Ветер с озера дует холодный и сырой, пробирается сквозь промозглый серый свет и забирается под пальто. Чем дальше вглубь района он заходит, тем меньше попадается людей, а потом они и вовсе исчезают с улиц. Музыка же, мелодичная и печальная, наоборот, становится громче и отчетливее. И вот он уже узнаёт мелодию «Кто-то откуда-то». И голос не перестает нашептывать: «Дальше, дальше, Харпер Кертис».
Повинуясь мелодии, он пересекает железнодорожные пути и идет вглубь Вест-Сайда, затем поднимается по ступеням рабочего общежития. Это целая улица больших многоквартирных домов, где жилье сдается в аренду. Они мало чем различаются: деревянные, с характерными выступающими окнами-эркерами, стоят вплотную друг к другу, краска везде облупливается. А еще двери крест-накрест забиты досками, и к ним прикреплены объявления: «Закрыто по решению городской администрации Чикаго». Ну что, преисполненные надеждой избиратели, голосуйте за президента Гувера прямо здесь! Звуки музыки доносятся из дома № 1818. Приглашают, стало быть.
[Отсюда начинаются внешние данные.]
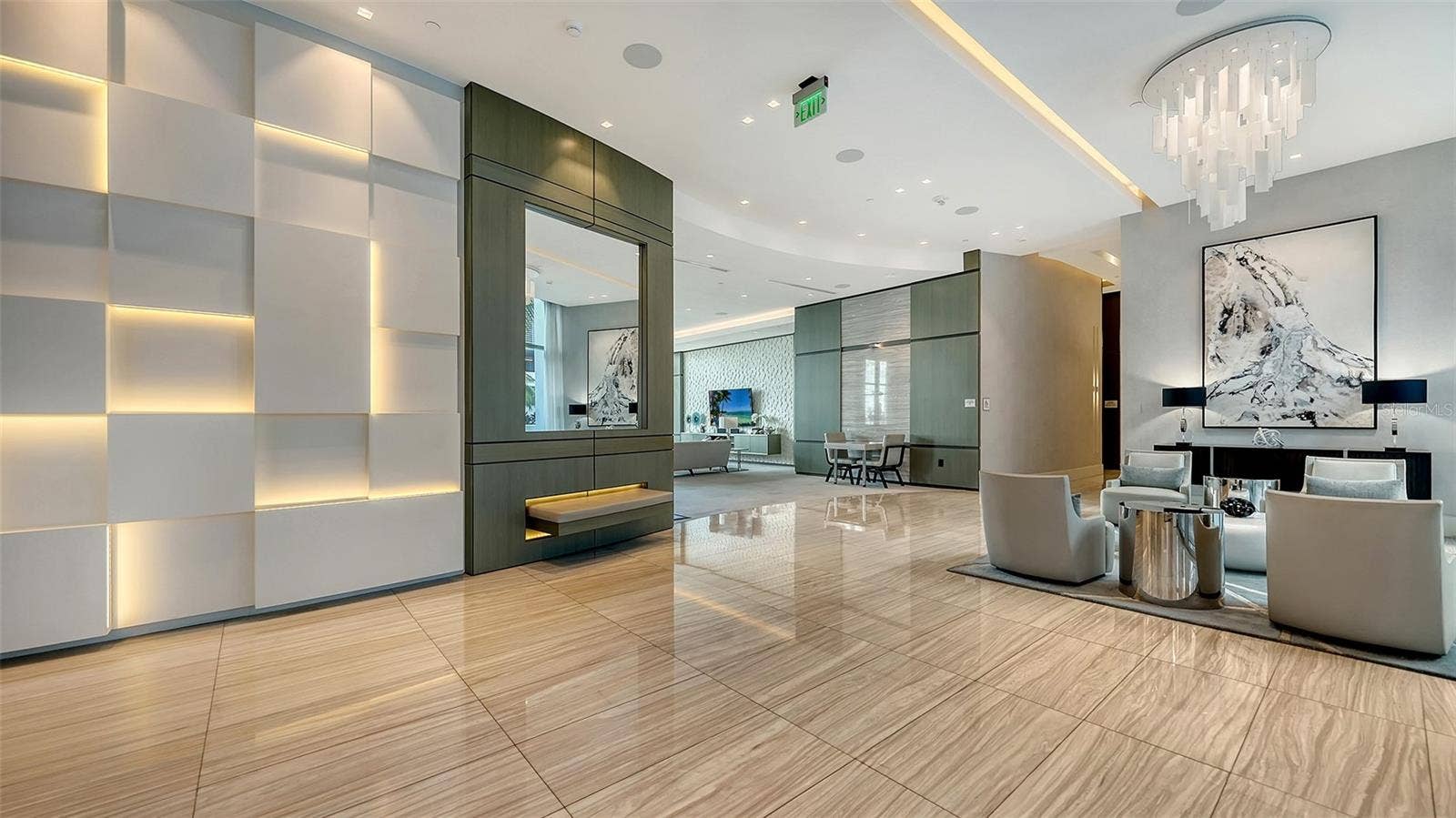 1155 N GULFSTREAM AVENUE, #207, Sarasota, FL 34236 A grand, elegant entrance featuring refined seating areas, creating a warm and sophisticated welcome for residents and their guests.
Он просовывает руку под набитые доски и дергает дверь, но та заперта. Харпер стоит на ступеньке, на него вдруг накатывает чувство страшной неотвратимости. Улица совершенно пустая. Окна других домов заколочены либо плотно занавешены. Откуда-то из-за домов доносятся звуки транспорта и голос уличного торговца арахисом: «Орешки! Поджаренные! С солью! С медом! Налетай, покупай!» Но все звуки какие-то глухие, будто его голова укутана одеялом. А вот мелодия в голове очень отчетливая, шурупом ввинчивается в мозг: «Ключ!»
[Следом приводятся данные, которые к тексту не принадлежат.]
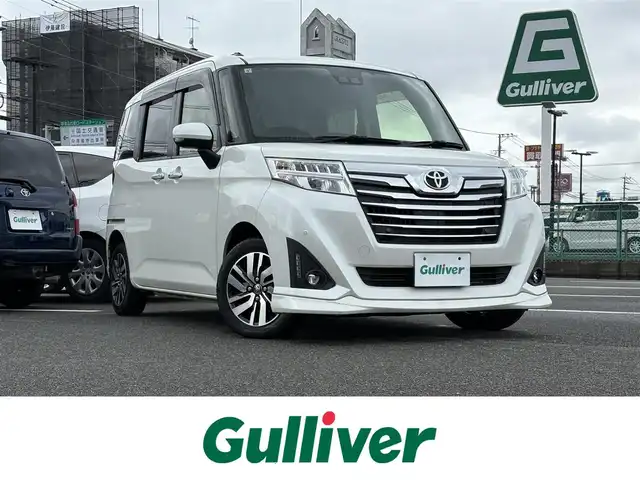 トヨタ ルーミー カスタムG 大分県 2019(令1)年 5万km パールホワイトⅢ ナビ/ETC/バックカメラ/両側パワースライドドア/クルーズコントロール/Bluetooth接続/フルセグTV/プッシュスタート/スマートキー/アイドリングストップ/純正フロアマット/純正14インチアルミホイール/横滑り防止装置/オートライト/コーナーセンサー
Он сует руку в карман, вдруг испугавшись, что потерял его. Фу, на месте! Бронзовый, с клеймом «Йель энд Таун». На дверном замке – такое же. Дрожащими руками он вставляет ключ в замочную скважину и поворачивает. Есть!
Дверь распахивается в темноту, и какое-то мгновение он не в силах пошевелиться, не веря своему счастью. Наклонив голову, неуклюже подтягивая за собой костыль, он оказывается внутри Дома.
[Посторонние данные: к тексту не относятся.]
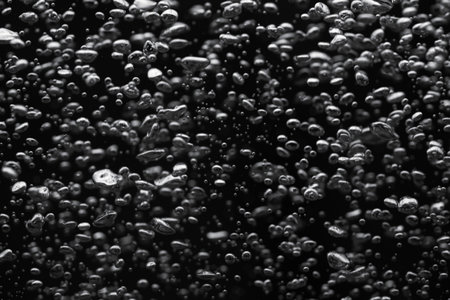 A lot of shiny air bubbles of different sizes underwater on a black isolated background. Close up of light lit oxygen bubbles flow upwards. Aeration or filtration of liquid. Fizzy flow of air bubbles.の写真素材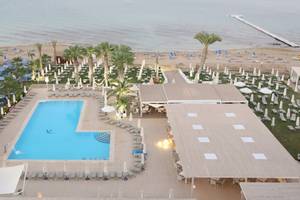 Luftaufnahme des Vrissiana Beach Hotels mit Pool, Liegestühlen und Gebäuden am Strand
День сегодня чистый и звонкий, какие бывают в начале осени. Деревья такие смешные – будто не решили, они еще в лете или уже в осени: листья вперемешку – зеленые, желтые и ржаво-коричневые. Кирби точно знает, что Рейчел уже подзарядилась. И не только по сладковатому запаху, витающему в доме (безошибочный, самый верный знак), но по тому, как взволнованно она ходит по двору, громко рассуждая по поводу каких-то мелких находок в переросшей траве. Токио с радостным лаем прыгает вокруг нее. Мать не должна быть дома. Она должна быть в одной из своих отлучек, или «отлучников», как Кирби говорила, когда была маленькая. Ну хорошо, в прошлом году.